Yesterday I traveled with students in the summer course Community Informatics Studio to Chicago to look at three public computing facilities. The Mac lab at the Puerto Rican Cultural Center is a more traditional looking lab with eight to ten computers lined up on either side of a table in the center of the room. But the youth are doing very creative activities engaging youth in critical evaluation of their realities and self-reliance and social responsibility. Examples of some of their work can be found linked from the Youth Community Informatics website.
Skokie Public Library has a new Digital Media Lab enabling community members to creatively express themselves through photo, audio, video, and archiving projects. They also have an accessibility lab, traditional library computer labs, and newer carrels with outlets for laptop users (laptops are also available for checkout).

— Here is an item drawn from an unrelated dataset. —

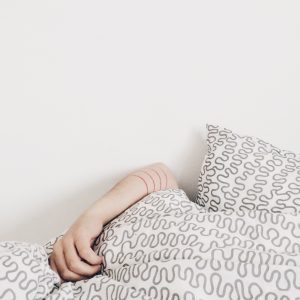 person's arm sticking out over a pile of bed pillows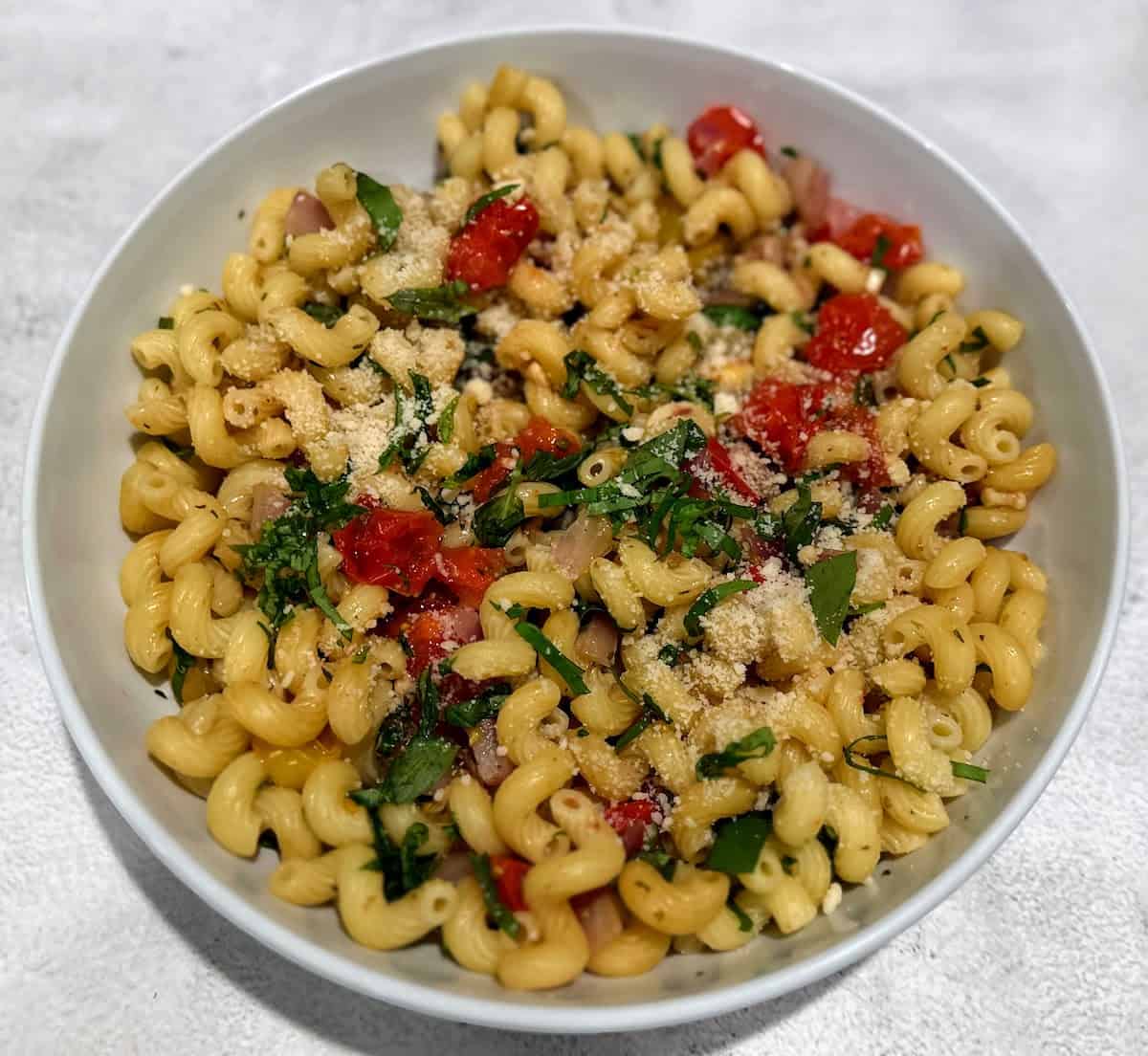 Vegan Bruschetta pasta in a bowl on the table.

The YouMedia space at the Harold Washington Public Library represents first and foremost a collaborative and learning space. Their goal is to reshape what it means to learn. They have some 60+ laptops available for checkout, tables with built-in power strips that can be rearranged by the youth as they see fit, game stations, circular computer work areas, nooks with moving screens to create private spaces, a recording studio, and lots of open space to allow for spontaneous collaboration. The space is also equipped with books, videos, board games, and other more traditional “technology”.
Our challenge this semester is to begin developing a framework to understand how to best equip public computing centers. But first we’ll need to struggle with distinctions between computer labs and collaborative spaces. The Skokie computer labs were very heavily used. Indeed, although laptops are now available for checkout at Skokie many still prefer the traditional lab space. They find help close at hand and that the format of computer and layout serves them just fine. But the YouMedia space also indicates a clear need for more new labs whose focus is first and foremost on being spaces for collaboration.
I look forward to working together this semester to struggle with this problem and to begin documenting some of the underlying principles that seem to transcend specific implementations.